ELECTRIC EEL WETT SHOW SPECIAL 

In addition to the 5% discount on the Ace 2 camera for the WWETT show we will also be offering a FREE upgrade to the self-leveling camera.



Ace 2 -S/L show price is $5890.00 :biggrin:


----------



## jeffreyplumber (Dec 7, 2009)

300 sounds good adjust to your area . Youve allready got the machine you might be able drum up a lot of work just doing inspections for other plumbing contractors or Generals and real estate companys. Good luck its a big outlay but could work out real good


----------



## skoronesa (Oct 27, 2015)

We charge 250$ for the camera and that includes tracking by default but that is added to our hourly rate of 95$/hr so 350$ for camera if it only takes one hour. For tracking alone with only the pipefinder I don't think we have an additional charge other than the hourly rate.
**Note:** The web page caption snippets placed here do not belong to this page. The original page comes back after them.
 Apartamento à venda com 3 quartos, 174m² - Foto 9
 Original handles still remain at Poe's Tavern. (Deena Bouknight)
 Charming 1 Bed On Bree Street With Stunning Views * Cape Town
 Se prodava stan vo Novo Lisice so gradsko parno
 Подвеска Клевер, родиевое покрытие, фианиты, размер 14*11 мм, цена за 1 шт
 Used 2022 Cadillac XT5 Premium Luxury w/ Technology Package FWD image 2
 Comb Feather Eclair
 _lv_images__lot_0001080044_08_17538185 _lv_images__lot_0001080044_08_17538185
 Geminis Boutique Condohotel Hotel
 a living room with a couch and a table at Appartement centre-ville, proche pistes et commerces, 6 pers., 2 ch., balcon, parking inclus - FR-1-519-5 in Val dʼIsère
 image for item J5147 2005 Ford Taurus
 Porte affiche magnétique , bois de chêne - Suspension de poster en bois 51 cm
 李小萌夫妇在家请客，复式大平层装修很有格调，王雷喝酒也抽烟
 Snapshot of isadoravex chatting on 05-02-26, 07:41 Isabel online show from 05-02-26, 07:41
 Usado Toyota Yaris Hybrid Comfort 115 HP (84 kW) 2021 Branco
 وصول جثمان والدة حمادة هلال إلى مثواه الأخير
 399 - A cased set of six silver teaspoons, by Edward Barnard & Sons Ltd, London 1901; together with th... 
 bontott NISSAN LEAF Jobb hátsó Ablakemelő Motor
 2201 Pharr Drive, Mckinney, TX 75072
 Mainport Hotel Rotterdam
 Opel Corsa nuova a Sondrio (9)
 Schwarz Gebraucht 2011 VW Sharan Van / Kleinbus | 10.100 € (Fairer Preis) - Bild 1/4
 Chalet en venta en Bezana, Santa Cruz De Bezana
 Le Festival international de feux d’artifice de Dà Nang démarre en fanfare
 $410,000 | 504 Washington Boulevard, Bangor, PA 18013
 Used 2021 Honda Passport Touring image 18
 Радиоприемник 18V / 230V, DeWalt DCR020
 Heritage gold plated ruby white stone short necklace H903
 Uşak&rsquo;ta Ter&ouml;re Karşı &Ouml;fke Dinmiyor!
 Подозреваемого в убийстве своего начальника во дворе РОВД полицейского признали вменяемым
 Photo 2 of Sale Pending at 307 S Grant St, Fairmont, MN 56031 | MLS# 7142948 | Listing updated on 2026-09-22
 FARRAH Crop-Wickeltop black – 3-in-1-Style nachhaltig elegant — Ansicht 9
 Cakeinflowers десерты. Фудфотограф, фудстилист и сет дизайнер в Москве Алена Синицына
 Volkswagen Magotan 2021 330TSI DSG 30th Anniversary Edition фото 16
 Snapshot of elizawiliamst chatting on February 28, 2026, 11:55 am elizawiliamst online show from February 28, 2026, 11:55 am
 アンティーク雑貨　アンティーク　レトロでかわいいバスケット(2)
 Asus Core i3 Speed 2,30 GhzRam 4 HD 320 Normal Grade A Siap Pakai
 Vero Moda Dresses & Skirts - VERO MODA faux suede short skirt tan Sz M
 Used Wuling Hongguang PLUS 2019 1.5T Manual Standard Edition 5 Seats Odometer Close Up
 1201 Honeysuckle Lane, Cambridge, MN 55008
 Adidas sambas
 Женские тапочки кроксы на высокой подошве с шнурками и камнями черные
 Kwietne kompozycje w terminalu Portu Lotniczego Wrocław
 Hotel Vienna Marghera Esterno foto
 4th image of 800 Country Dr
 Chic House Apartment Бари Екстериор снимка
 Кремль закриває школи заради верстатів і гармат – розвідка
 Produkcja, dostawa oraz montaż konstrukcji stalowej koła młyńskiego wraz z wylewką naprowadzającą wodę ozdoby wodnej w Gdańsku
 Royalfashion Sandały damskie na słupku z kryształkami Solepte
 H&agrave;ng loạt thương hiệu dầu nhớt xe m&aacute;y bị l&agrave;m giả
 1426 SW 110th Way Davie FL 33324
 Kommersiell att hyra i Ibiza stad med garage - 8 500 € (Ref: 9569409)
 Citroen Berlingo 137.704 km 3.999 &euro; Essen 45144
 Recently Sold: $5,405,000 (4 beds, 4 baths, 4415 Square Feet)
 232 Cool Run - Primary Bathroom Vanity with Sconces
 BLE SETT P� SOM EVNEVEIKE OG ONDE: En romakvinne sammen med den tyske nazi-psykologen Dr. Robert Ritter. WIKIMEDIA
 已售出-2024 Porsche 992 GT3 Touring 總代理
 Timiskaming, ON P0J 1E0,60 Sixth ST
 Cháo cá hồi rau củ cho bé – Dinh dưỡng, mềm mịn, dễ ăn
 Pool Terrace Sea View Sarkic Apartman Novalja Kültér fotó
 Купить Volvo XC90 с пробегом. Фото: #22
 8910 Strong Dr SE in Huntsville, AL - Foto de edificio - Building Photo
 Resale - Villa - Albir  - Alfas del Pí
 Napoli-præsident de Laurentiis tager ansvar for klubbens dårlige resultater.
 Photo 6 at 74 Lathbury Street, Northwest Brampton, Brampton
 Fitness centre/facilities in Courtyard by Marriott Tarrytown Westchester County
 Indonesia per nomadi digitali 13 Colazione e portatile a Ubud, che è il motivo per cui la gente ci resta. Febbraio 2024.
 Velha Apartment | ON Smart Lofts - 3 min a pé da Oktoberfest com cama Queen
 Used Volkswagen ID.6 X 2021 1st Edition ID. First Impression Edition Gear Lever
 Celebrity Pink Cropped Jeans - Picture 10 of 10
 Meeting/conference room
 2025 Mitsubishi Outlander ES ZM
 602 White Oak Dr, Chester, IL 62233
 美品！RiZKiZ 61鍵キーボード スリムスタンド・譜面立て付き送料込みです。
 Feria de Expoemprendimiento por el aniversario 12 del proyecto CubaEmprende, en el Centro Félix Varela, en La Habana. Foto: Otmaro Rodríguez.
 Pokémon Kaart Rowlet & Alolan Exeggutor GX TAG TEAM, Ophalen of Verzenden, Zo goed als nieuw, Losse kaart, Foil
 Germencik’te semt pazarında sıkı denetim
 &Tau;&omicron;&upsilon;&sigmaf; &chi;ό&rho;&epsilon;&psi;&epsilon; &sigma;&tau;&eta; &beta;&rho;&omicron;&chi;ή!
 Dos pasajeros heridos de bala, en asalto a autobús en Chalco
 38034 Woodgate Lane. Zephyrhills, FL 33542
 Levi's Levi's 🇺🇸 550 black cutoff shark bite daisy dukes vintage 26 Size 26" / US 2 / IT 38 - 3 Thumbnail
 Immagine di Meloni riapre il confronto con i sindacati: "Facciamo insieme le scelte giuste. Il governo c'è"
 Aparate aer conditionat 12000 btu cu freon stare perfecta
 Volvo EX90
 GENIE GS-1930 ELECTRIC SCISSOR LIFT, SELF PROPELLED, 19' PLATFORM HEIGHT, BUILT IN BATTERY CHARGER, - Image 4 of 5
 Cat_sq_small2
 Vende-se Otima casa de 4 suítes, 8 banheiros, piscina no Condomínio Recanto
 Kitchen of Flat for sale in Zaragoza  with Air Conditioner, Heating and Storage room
I think that 250$ for the camera is too much. 100$ is really a more reasonable rate especially when you consider several of our competition have cameras. I don't mind too much though as when I have a customer or job that is just too far gone but they don't wan't to fix it I use that as one reason they might want to call someone else, then I suggest someone who has a jetter and an excavator 



As far as the number of camera inspections where that is the main reason I was called I do 1-2/month. On top of that I probably end up charging for the camera 1-2/week because of a snaking call. Many times if the pipe is new to me I will run it after snaking just to make sure I got it and won't be called back the next day.




.


----------



## Dat dude (Oct 30, 2018)

I’m seriously considering buying a camera set up for our company. We have always given away camera work, but I see a big opportunity. I’d say we get a request e/o month, but we never advertised or let customers know we have that service. I know of at least a dozen client who we know have a broken line, as we drain clean roots each year. I’m thinking with a little marketing/word of mouth it may be profitable for me. I’m looking at the Wohler 350 w/ locater. A plumber friend showed me his, which has a rotating camera.. I have 7k to invest.. What cameras do you guys have?


----------



## Patriot88 (Jun 12, 2018)

The way I look at it, I need two a month to cover costs. This is all I do, so it matters a lot that I'm getting more than that every month. If you guys were only doing inspections, what would you consider doing to drum up some more work? I'm new to owning a business tbh, so I'm all ears.


----------



## JohnnieSqueeze (Mar 23, 2016)

largest competitor in Chicago North Suburbs does a free inspection for every customer every call every service tech! He says excavation pays for his business!!! I dont charge $300 plus hourly rate...... but I should. I bought a VERY nice Gen Eye Pod Mini 100’ which goes into 2”-4” lines plus locator for $3000 on ebay!!! 


Sent from my iPhone using Tapatalk


----------